Some forms of measurement can also give misleading results.  For example our research, published in the Journal of Advertising Research, shows that prompting people with the brand name when measuring the strength of Distinctive assets can inflate Fame scores by up to 20 percentage points.  So before you take the brand name off anything –  be confident, very confident, that the assets’ presence will immediately trigger the brand. 

2.  Do you have a plan to educate new category buyers?

Even if you have a strong asset now, new buyers are constantly coming into the category. Distinctive Assets are not innate knowledge, we learn them through the (successful) activities of marketers.  New category buyers need to be taught that this Distinctive Asset is synonymous with Mastercard, or over time, even the strongest Distinctive Asset will erode in Fame.

3.  Is there a competitor monitoring system in place?

While you control about your brand’s asset building activities, you can’t control competitor activities.  It is therefore important to monitor the Uniqueness of the asset, and check no competitors are encroaching into its mental territory.  Uniqueness drops when competitor brands are also linked to your brand’s asset.  And once lost, Uniqueness, is very difficult to regain – as you can’t tell category buyers not to think something!  So picking up competitor encroachment early is important to keep a Distinctive Asset strong. 

4.  Do you have a diverse Distinctive Asset palette and not reliant on just one asset?

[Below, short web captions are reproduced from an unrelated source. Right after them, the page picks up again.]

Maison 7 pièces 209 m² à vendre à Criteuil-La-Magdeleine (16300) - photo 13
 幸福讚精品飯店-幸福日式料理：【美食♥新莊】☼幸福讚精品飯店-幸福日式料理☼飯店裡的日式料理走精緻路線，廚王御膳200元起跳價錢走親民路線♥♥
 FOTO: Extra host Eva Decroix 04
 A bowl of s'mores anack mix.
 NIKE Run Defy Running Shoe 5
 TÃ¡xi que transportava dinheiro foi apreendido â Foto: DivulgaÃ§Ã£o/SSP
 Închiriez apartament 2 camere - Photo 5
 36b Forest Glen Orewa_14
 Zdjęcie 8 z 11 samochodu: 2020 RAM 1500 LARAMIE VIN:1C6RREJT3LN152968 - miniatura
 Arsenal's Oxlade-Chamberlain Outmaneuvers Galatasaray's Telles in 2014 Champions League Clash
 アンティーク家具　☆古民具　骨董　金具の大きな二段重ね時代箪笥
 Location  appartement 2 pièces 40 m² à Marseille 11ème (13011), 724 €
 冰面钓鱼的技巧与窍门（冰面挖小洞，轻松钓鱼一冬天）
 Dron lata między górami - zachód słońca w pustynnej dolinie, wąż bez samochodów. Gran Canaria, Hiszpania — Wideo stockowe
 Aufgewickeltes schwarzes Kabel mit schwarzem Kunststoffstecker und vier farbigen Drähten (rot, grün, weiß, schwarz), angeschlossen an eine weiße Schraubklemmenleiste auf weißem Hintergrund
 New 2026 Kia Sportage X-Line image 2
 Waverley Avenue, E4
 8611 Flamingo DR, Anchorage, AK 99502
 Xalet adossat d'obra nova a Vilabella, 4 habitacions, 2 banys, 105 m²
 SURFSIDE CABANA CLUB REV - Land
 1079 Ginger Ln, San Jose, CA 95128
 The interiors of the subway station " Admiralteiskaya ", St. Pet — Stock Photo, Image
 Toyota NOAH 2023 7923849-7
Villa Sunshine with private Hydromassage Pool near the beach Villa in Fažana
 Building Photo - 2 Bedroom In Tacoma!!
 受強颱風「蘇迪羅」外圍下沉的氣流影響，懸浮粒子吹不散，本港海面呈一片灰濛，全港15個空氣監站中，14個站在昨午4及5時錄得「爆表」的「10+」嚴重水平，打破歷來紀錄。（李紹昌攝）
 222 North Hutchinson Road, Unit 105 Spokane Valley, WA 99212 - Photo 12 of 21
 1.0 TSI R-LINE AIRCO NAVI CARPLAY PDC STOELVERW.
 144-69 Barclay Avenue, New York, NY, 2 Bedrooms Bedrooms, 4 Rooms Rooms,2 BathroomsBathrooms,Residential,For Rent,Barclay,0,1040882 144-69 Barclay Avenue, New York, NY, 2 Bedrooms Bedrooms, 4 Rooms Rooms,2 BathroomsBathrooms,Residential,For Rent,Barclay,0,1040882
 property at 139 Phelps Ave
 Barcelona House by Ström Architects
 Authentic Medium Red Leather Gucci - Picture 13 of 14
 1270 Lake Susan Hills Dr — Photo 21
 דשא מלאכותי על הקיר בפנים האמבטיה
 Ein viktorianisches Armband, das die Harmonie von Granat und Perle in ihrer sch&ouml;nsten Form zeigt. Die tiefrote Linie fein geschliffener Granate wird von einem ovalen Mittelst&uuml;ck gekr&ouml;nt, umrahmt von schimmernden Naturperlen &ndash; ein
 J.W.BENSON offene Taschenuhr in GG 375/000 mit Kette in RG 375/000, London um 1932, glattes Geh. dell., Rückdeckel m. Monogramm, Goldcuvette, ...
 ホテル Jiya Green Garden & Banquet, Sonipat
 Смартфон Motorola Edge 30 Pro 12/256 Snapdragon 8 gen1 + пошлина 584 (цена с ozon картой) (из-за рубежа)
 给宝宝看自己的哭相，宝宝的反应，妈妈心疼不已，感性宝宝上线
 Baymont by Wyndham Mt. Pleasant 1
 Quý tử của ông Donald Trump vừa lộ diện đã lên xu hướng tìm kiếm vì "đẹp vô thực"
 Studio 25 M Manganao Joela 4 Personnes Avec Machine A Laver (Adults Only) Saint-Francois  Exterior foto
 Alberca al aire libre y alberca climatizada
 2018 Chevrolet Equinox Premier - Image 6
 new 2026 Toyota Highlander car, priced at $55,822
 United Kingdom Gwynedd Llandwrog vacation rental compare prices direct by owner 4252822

Any visual asset, regardless of how strong it is, will not work in all environments.  Any brand needs a set of diverse assets to draw on in different media and retail environments.  Putting all your eggs in one basket with one asset is a risky strategy. 

Mastercard’s decision to remove the brand is not what should be applauded, or celebrated.  The noteworthy part is the consistency over many decades that gives them the potential to do this.  Thousands of brands make this same decision for branding moments in an advertisement, on a social social media post, and other places where category buyers experience brands.    It’s just that it’s often, unfortunately, a decision made without the right foundations in place.  Hopefully this is not the case for Mastercard!